Por estes dias abro as portas da memória e procuro em cada canto, aqueles dias de março soalheiros e ventosos de uma infância e adolescência deixadas a marinar. Surgem quase sempre de mansinho quando me apercebo que estamos, mais uma vez, no tempo da Feira de Março.
E que tempo é este que anima a cidade de Aveiro e traz à urbe promessas de entretenimento e festa durante um mês. Tempo de hoje e de outrora.
Tempo de ventanias e frio que nem por isso, os mais afoitos se coíbem de passeios e uma visita às farturas. É tradição, assim julgamos, que os ventos e as farturas andam de mãos dadas nestes marços. É comum associarmos à Feira de Março o vento e chuva que nesta altura fazem das suas.
Vem-me à memória aquelas tardes, depois das aulas, aos magotes, lá rumávamos para mais uma voltinha, mais uma viagem e as saias plissadas da época rodopiavam e não havia mãos para as segurar. De entre a algazarra havia uma ou outra que mais preocupada com o atrevimento do vento, recorria a um casaco que atava com toda a força à cintura.
Para ser mais verdadeira, algumas vezes não saíamos pela porta da frente do Liceu Nacional de Aveiro, não senhor, saíamos pelas traseiras saltando o muro que dava para o Alboi e assim fugir dos raspanetes da dona Lurdinhas – e bem dados.
Gente desses marços, recordar-se-ão do fascínio pelo circo, chegavam à cidade dois circos que se acomodavam cada um deles em cada quinzena alternadamente, das mulheres maquilhadas e atrevidamente decotadas, lábios vermelhos, pernas mais despidas; rapazes altos e lindos que olhavam as catraias com olhos pingo de mel. Acho que todos queríamos ou invejávamos a liberdade dos que se arriscavam no trapézio. Um voo sem rede que nos suspendia o ar.
E os carrinhos de choque descontrolados embatiam uns nos outros e soltavam gritinhos de medo ou um frenesim agudo quando batiam de frente e dávamos de caras com os miúdos do outro Liceu.
Se na adolescência não precisávamos da mão dos nossos pais, na infância, era pela mão deles que aos domingos à tarde, nos movimentávamos numa única direção: a Feira de Março. Eram os dias da família, pais e filhos numa cumplicidade amorosa. Uma passagem pelo algodão doce, às vezes às pipocas, mas os nossos olhos de criança, incidiam nas tendas dos brinquedos de madeira; aí, com birras pelo meio, lá conseguíamos levar para casa, um carrinho voador, com asas de pássaro e um apito de barro ou um Galo de Barcelos para a cozinha da mãe.

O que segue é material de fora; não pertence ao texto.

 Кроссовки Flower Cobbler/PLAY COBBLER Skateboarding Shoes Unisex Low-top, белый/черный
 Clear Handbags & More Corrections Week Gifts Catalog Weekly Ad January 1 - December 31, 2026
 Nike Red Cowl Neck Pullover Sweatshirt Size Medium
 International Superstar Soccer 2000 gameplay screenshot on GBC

Domingos de deixar a tristeza atrás da porta de casa e assoalhar os dias menos claros.
Sou do tempo do Poço da Morte e do barulho ensurdecedor da mota, do Homem Gigante e das bolas de pano atiradas a latas na esperança um prémio. Nunca trouxe nenhum.
Não exagero se por estes dias, a memória desses tempos invadir parte dos aveirenses que, como eu, viveram tardes de alegre convívio, mesmo quando o vento nos fustigava o rosto e o carrossel anunciava “mais uma volta, mais uma corrida”. Se por estes dias, a memória nos levar ao primeiro encontro, à primeira amizade, a um namoro que vingou a uma desilusão de março. A memória é uma casa habitada por feixes de luz e sombras, só a abrimos se nos permitirmos. Uma permissão consentida.
Mais um ano, mais uma feira. Por lá nos encontraremos ou num dos muitos concertos ou o mais provável, na esplanada de uma das casas de farturas a saborear, o frito polvilhado de canela e açúcar e uma taça de vinho branco. Brindaremos a esta tradição que nos acompanha e define enquanto aveirenses no mês de março.
Mais uma voltinha neste carrossel que é a vida.